Testo d'approfondimento parte della "Guida Minoranze"

19/07/2002 -  Anonymous User

Autonomy is particularly attractive in this respect, because it gives the minority the control over a segment of the State and can thus counter-balance
the control that the majority has over the State as a whole. Etymologically, the term autonomy derives from two Greek words: auto, meaning self, and
nomos, law or rule. It thus essentially refers to the right to make one's own laws, to act upon one's own discretion. When applied to minorities,
this term refers to the transfer of a number of powers from the central government to an authority representing the minority, so that the minority
can achieve a high level of control over its own affairs, within the overall framework of the State. Autonomy is one particular form of institutional
arrangement for the diffusion of authority, like federalism and decentralisation. It differs from decentralisation, in that it assumes a transfer of powers,
rather than a mere delegation of powers, which usually cannot be revoked unilaterally. It differs from federalism, on the other hand, as it is
usually established only in certain regions and the autonomous entities, as such, do not participate in the activities of the central authorities,
whereas in a federal system the federal structure applies to the entire territory of the country and the federated entities, as such, participate
in the legislative function of the central authorities.

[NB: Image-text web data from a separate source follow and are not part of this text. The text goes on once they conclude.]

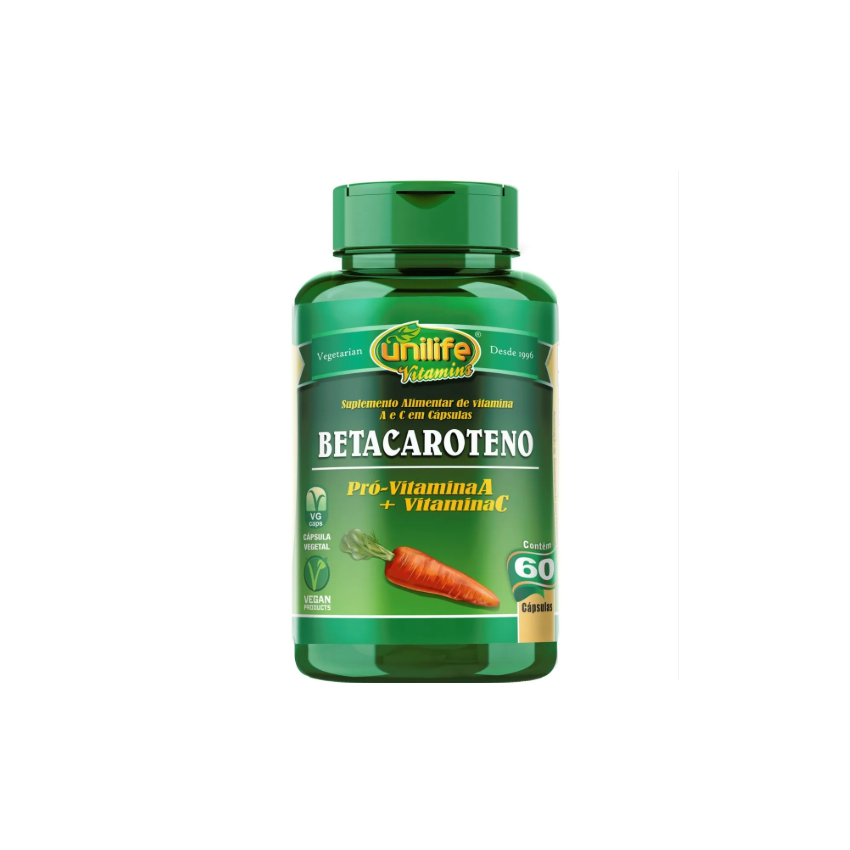 BETA CAROTENO 500 MG COM 60 CAPSULAS UNILIFE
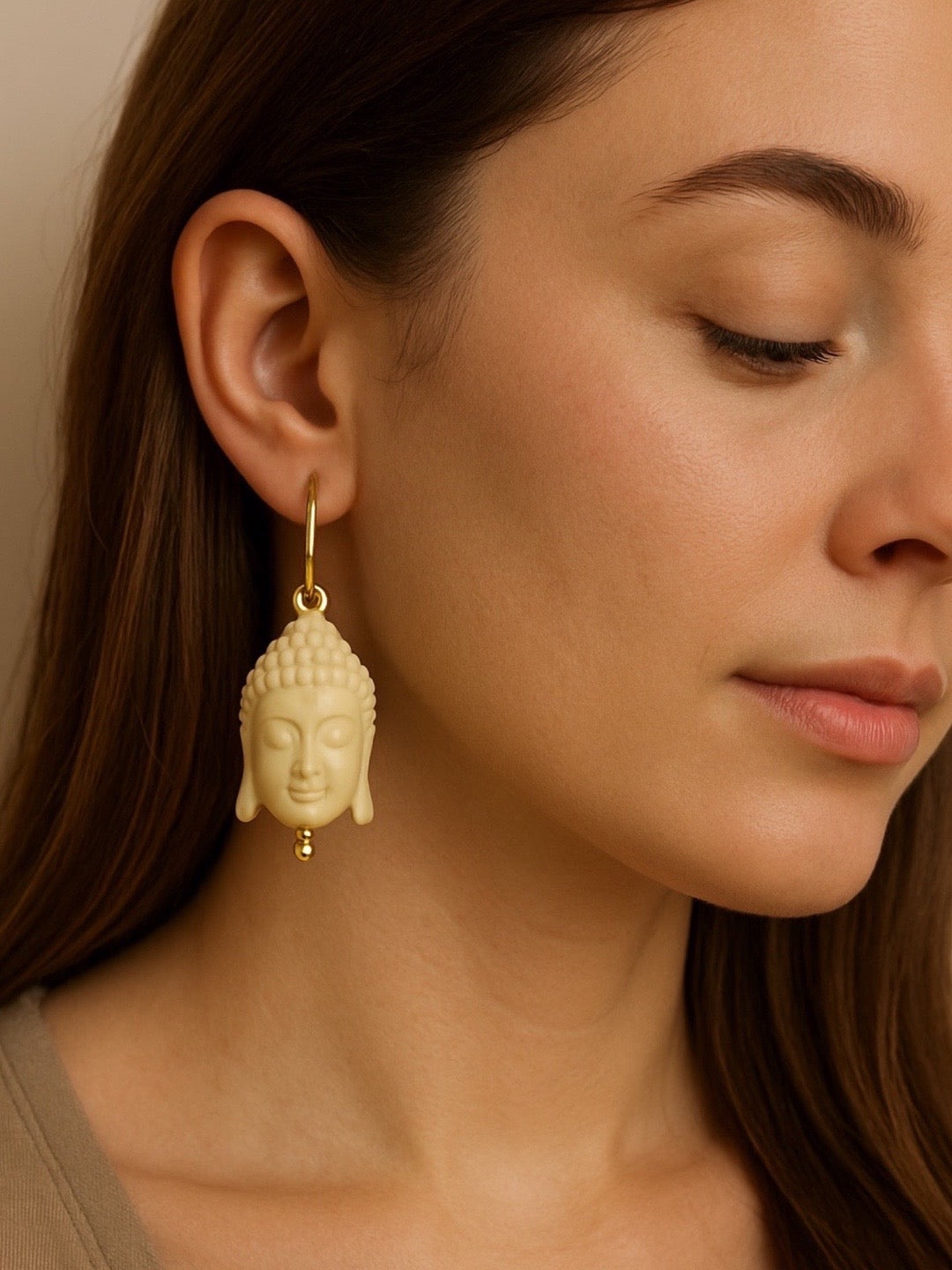Mini White Buddha Charm Dangler Earrings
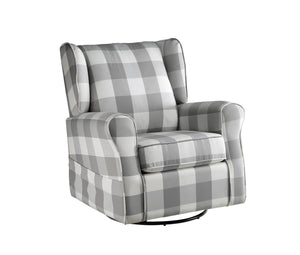 Patli Transitional Swivel Chair with Glider Gray Fabric(#FB-341, Cost$ 2.5/m) LV00922-ACME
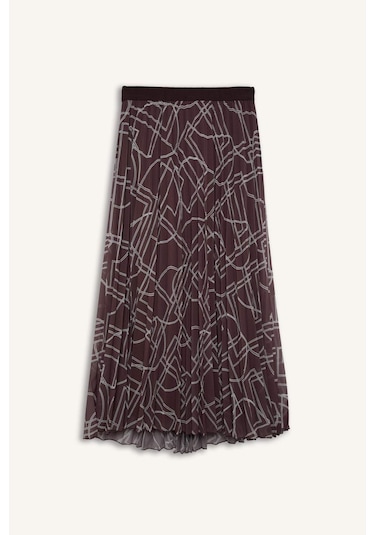 DeFacto Desenli Pilise Şifon Maxi Tesettür Etek E5454AX25SPBN318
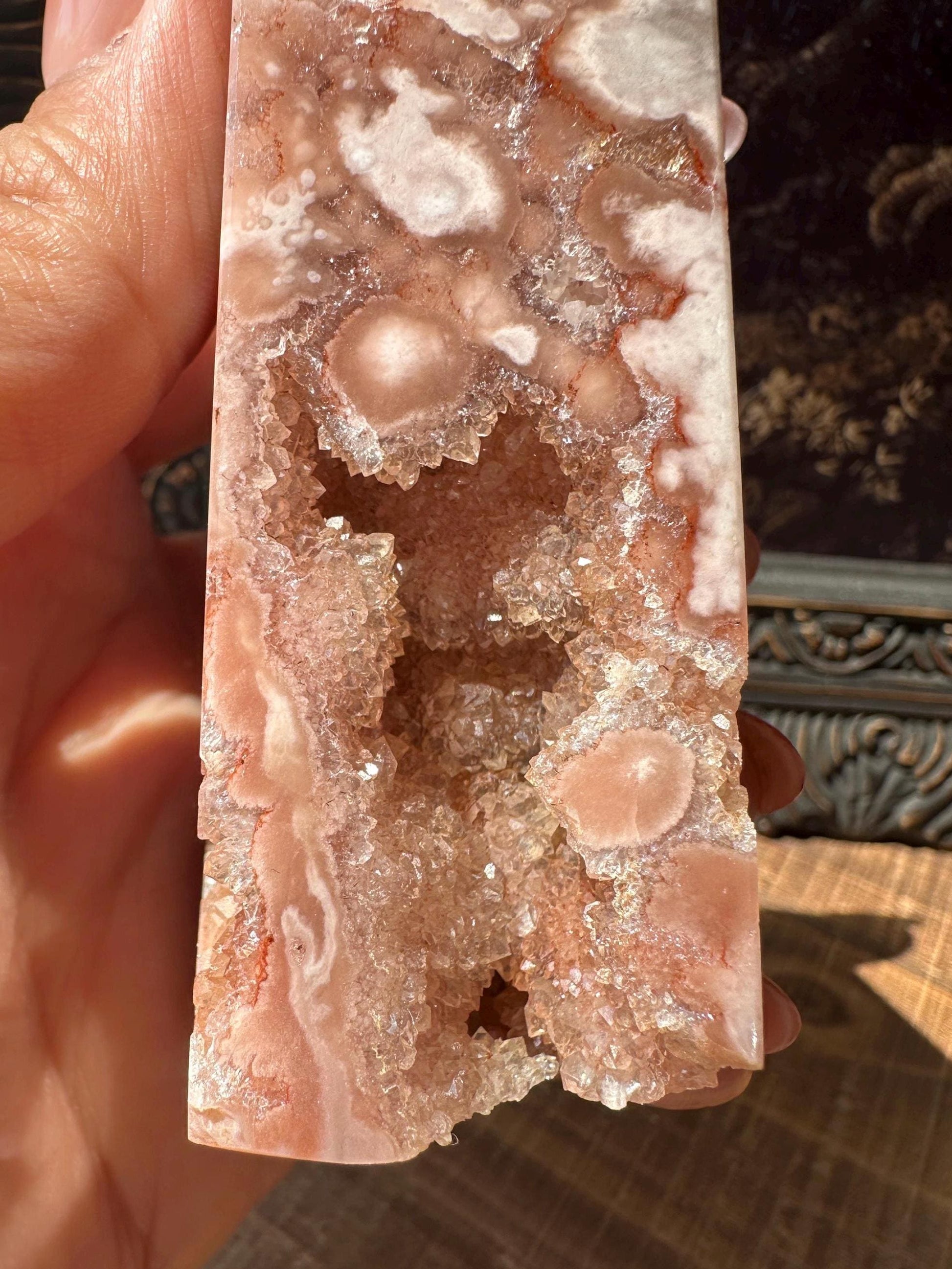 Pink Amethyst Flower, Pink Amethyst Tower with Druzy Crystal Cluater Cave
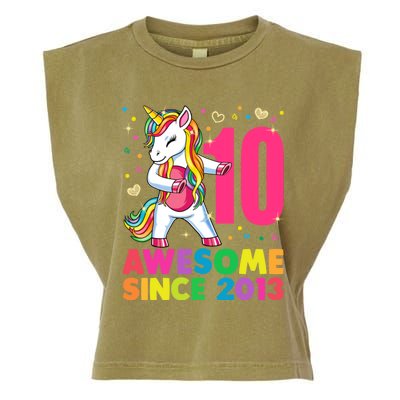 10 Years Old Unicorn Flossing 10th Birthday Girl Party Garment-Dyed Women's Muscle Tee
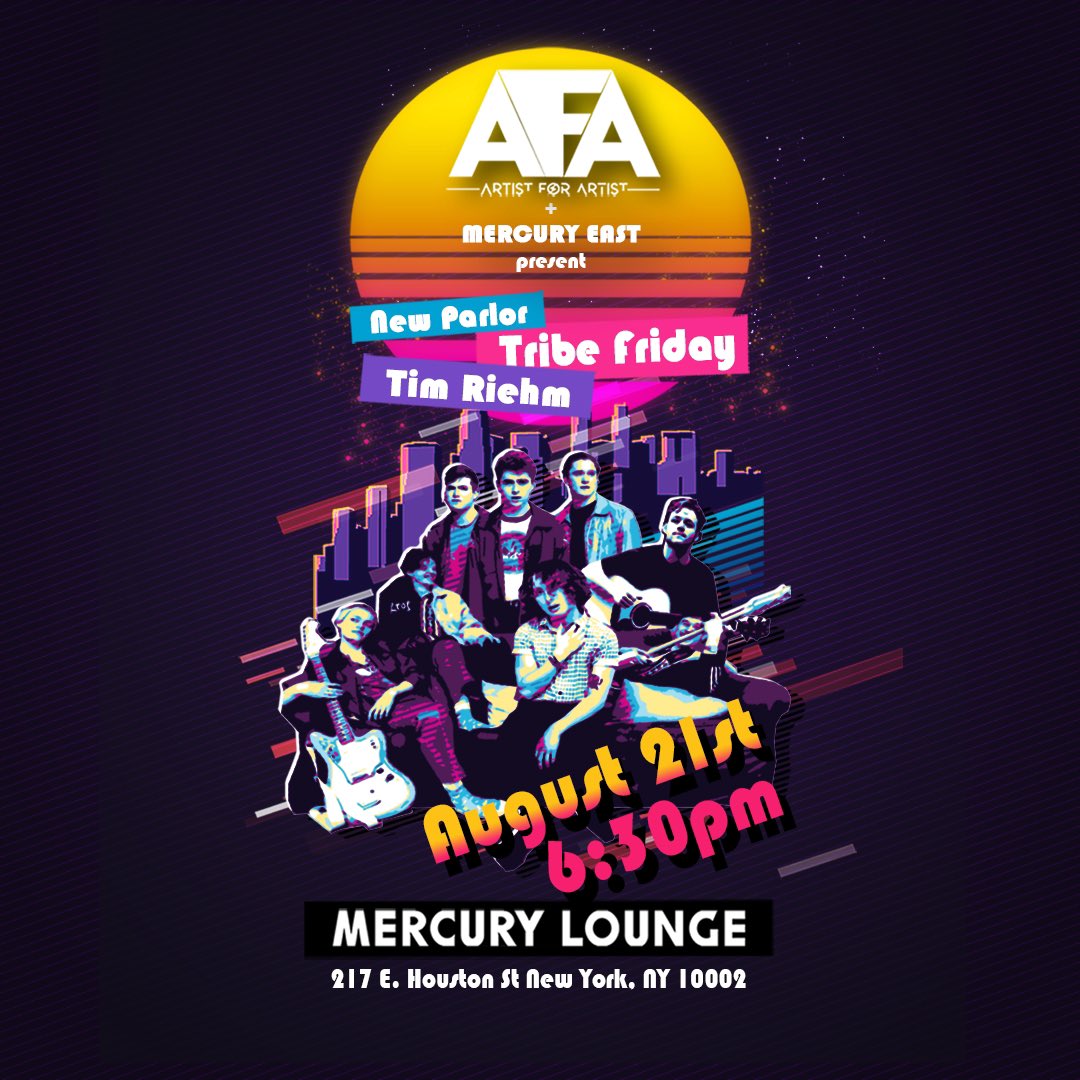 AFAmgmt's tweet photo. ONE WEEK AWAY! Brand new music from Sweden &amp; Nashville coming to NYC @mercuryloungeny feat. @newparlorband @gavinbecker3 @tribefriday @timriehmmusic. $10 tickets: https://t.co/oBe2W1wST4

#mercurylounge #discovermusic #newmusicfriday #newparlor #gavinbecker #timriehm #tribefriday https://t.co/W0ItYFIar4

The powers of the autonomous entity usually include legislation, adjudication and administration in those spheres of responsibility that have been transferred.
But there are of course different degrees of autonomy, according to the extent of powers transferred. There are two fundamental forms of autonomy.
The first is territorial autonomy, whereby certain powers are granted to the population of a specific geographical area. This model is to be
found for instance in South Tyrol, the Crimea, and the Faroe Islands. Vojvodina and Kosovo enjoyed a wide autonomy within the Republic of Serbia
until 1990. The second is personal or cultural autonomy, which applies to all the members of a certain group within the State, regardless of
their place of their residence. This model was often applied to religious minorities, as with the millet system in the Ottoman empire.
Territorial and personal autonomy are not mutually exclusive. The same
minority group may for instance enjoy territorial autonomy in a region where it constitutes the majority and personal autonomy in the other regions.
The Slovenian Status for the Italian and Hungarian communities can also be seen as a specific combination of territorial and personal autonomy.
Today, personal autonomy is not widespread and usually minorities are
striving for territorial autonomy. Territorial autonomy has the advantage that it can apply to a wide range of social and economic affairs. On the
other hand, it applies to all inhabitants of a certain region and may thus include members of other groups who resent it, while leaving out
members of the group for which it was intended. It can also foster fears (e.g. of separatism) among the majority population. Personal autonomy,
on the contrary, may apply only to people who opt to be members of the group for which it is established and to all members of this group, regardless
of where they live. The range of possible powers is however limited to those that are not closely related to territory, usually matters of language,
culture, religion and education.
There is no general model that is applicable everywhere. Autonomy solutions have been effective in some cases but have failed in others. In most situations,
they are being resisted by the majority population and are thus being left untested. This is particularly so in the Balkans, because autonomy
as a solution for inter-ethnic was often in the past the first step towards full independence (Bulgaria and Serbia, for instance, first became autonomous
entities within the Ottoman empire before becoming independent States).